(Scraped caption text data)
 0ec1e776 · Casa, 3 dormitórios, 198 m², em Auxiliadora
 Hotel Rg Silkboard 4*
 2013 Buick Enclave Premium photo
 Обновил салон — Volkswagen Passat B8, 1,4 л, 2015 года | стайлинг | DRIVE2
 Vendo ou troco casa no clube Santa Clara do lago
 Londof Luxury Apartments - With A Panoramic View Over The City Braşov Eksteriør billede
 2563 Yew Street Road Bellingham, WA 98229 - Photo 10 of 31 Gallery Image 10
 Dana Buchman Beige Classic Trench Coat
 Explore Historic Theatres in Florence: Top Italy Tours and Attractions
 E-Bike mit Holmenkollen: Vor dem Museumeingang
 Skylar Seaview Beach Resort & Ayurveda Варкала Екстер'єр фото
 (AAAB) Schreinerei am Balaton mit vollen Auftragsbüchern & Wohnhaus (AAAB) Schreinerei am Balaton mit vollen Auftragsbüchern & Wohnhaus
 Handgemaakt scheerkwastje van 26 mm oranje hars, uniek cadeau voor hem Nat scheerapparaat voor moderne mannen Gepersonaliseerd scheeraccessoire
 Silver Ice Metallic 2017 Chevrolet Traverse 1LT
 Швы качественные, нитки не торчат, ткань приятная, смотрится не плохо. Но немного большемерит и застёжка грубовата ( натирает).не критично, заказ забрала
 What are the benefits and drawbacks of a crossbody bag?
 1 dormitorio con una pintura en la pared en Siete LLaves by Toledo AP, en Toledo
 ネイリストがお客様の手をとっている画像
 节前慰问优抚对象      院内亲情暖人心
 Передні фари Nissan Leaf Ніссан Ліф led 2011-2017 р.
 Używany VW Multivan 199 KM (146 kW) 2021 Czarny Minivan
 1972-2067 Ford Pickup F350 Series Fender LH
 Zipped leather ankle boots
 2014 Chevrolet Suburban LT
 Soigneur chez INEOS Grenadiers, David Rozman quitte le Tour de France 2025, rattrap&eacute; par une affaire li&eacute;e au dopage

Assigned task. Report every line above that has the string "Chevrolet" in it.

Task response.
 Silver Ice Metallic 2017 Chevrolet Traverse 1LT
 2014 Chevrolet Suburban LT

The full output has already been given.